Duties:
• As a key participant within a Security Governance Team, will share responsibilities for conducting ISSO and Assessor duties in the System Assessments and Authorization (SA&A) process and maintaining continuous Approval To Operate (ATO) for various environments and applications.
• Perform Certification & Accreditation (C&A), System Assessment & Authorization (SA&A) as part of NIST SP 800-37 Risk Management Framework (RMF) system and application accreditation.
• Prepare vulnerability scanning test plans, coordinate testing, and conduct scans using Nessus, WebInspect and other scan applications.
• Analyze vulnerability scan results for validation and root cause.
• Perform security system event analysis, investigation, and validation.
• Provide incident response to classification spills, malware infection, misconfiguration exposure, internal inappropriate behavior and technical issue
• Participate in Lifecycle Management (LCM) Technical Change Control Boards (TCCB) providing technical guidance for security control compliance.

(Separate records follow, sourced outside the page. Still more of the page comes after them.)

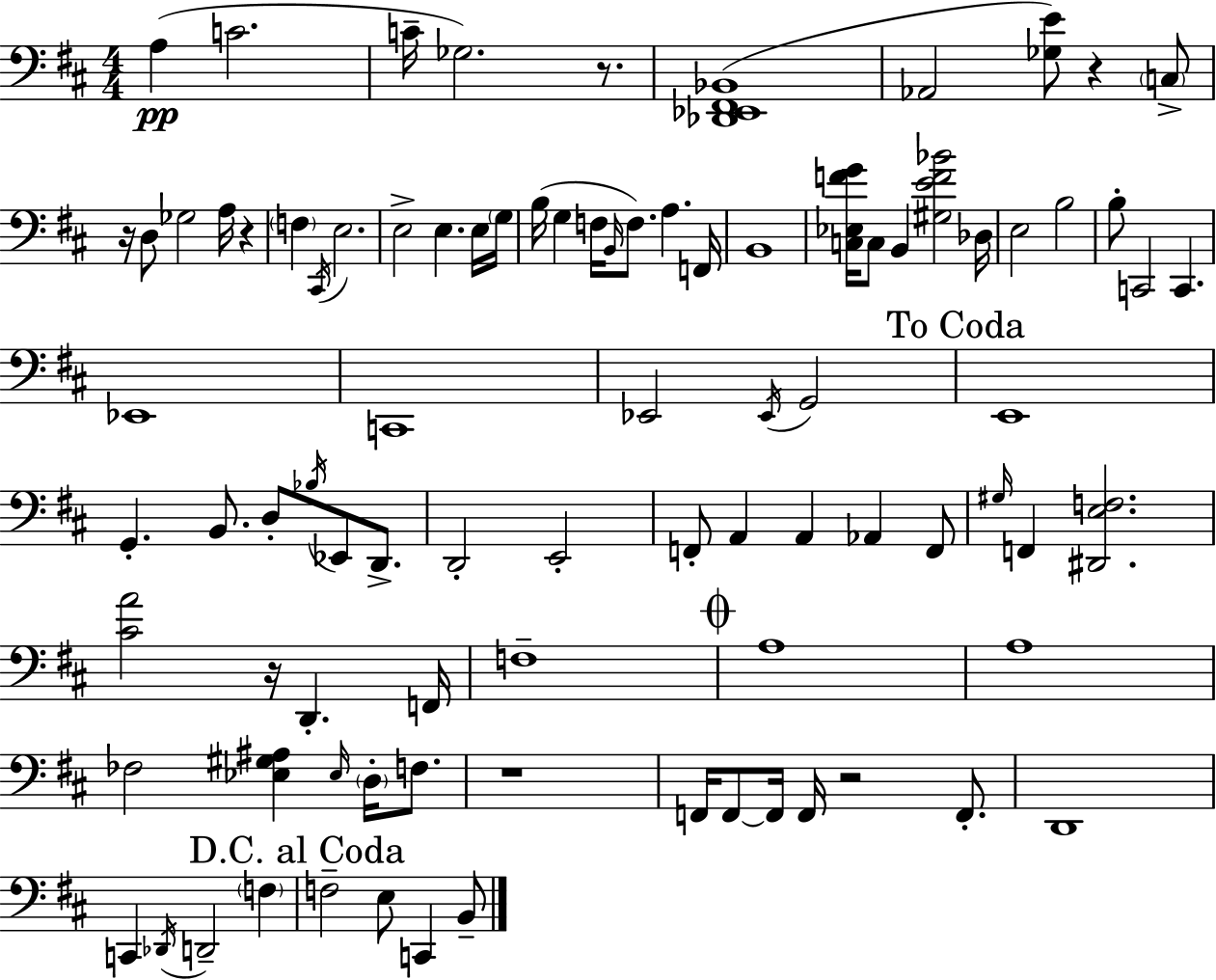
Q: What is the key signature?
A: D major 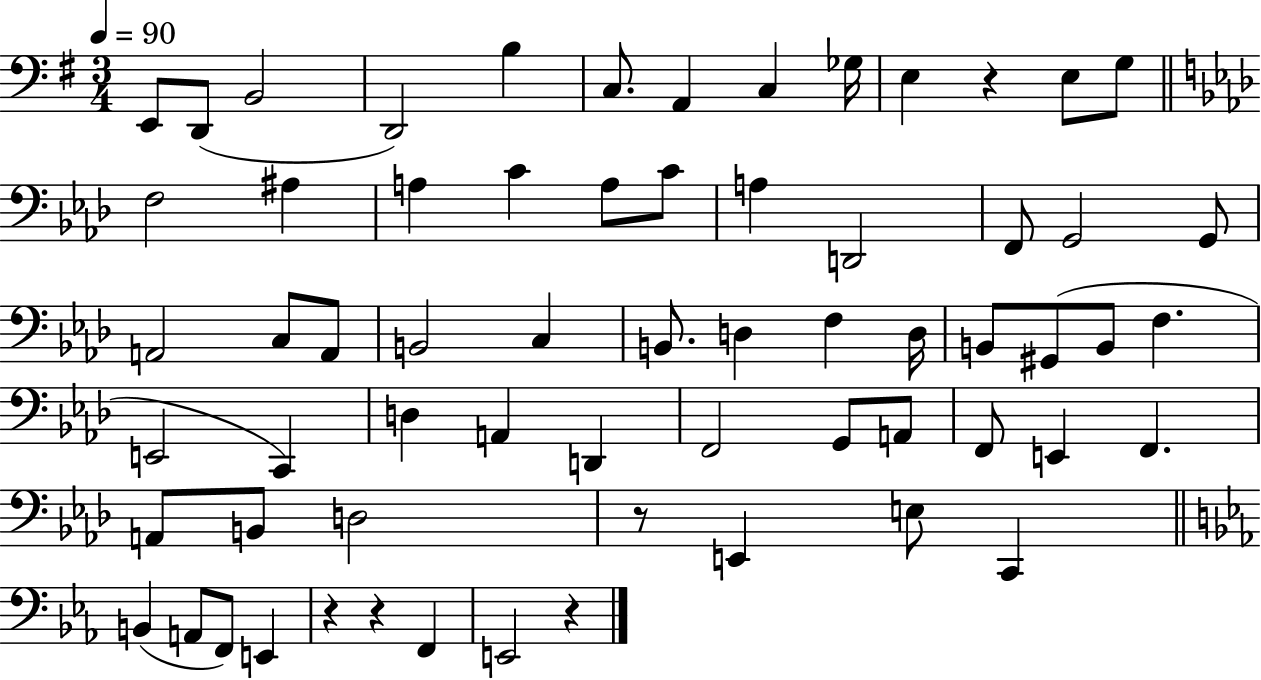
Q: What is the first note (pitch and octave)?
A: E2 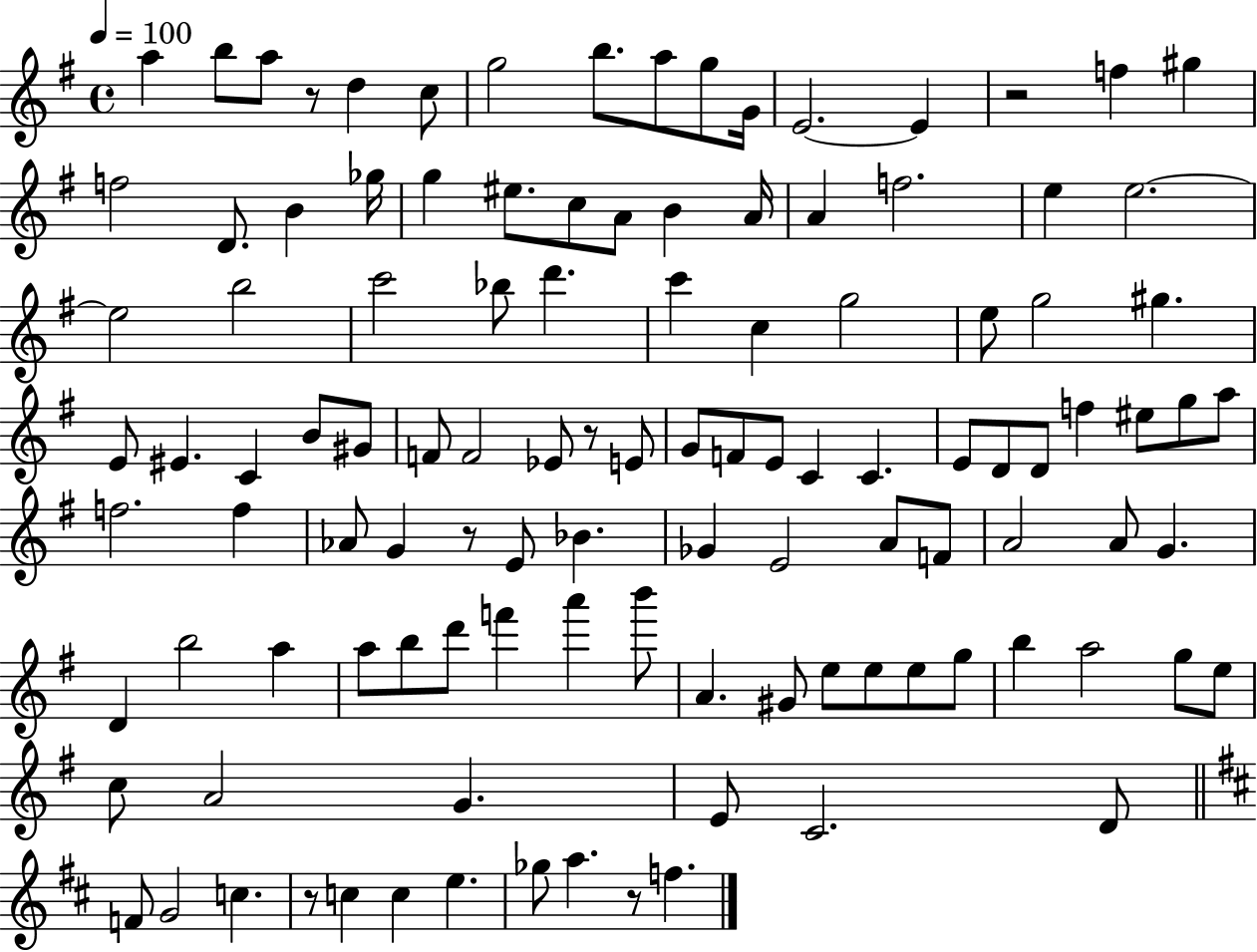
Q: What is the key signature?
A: G major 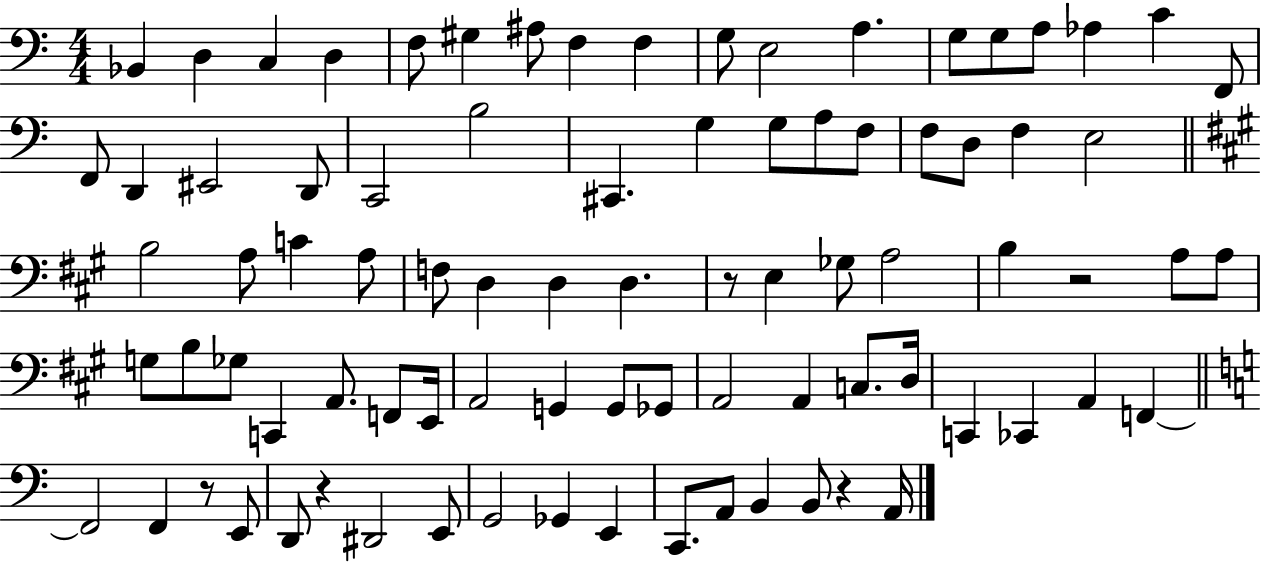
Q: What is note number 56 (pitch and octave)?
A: G2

• Perform Federal Information Security Management Act (FISMA) assessments and annual reporting.
• Perform Security control assessments as part of Continuous Monitoring NIST SP 800-53 V4 compliance sustainment for application, infrastructure, and network.
• Task, track and mitigate Plan of Action & Milestones (POA&M) vulnerability scan and security assessment findings requiring mitigation.
• Perform Privileged User Account Management and Role Based Access assignment
• Perform Privacy Threshold Assessment (PTA) and Privacy Impact Assessment (PIA) as part of Personal Identifiable Information (PII) Management
• Maintain Change Management Plans (CMP), Incident Response Plans (IRP) Information System Contingency Plans (ISCP), and System Security Plans (SSP).
• Prepare and conduct training, exercises, and functional testing of IRP and ISCP.
Education:
• Bachelor's Degree from an accredited college or university with a major in Computer Science, Information Systems, Engineering, Business, or other related technical discipline is required.
CISSP is a plus
Experience:
• At least three (3) years of experience in system and application Certification & Accreditation (C&A, System Assessment & Authorization (SA&A, and Independent Validation and Verification (IV&V).
• At least three (3) years of experience in security system monitoring, syslog and traffic analysis, and incident response.
• At least one (1) years of experience in developing and maintaining standard operating procedures and work instructions.
• Cloud Security Knowledge is a plus.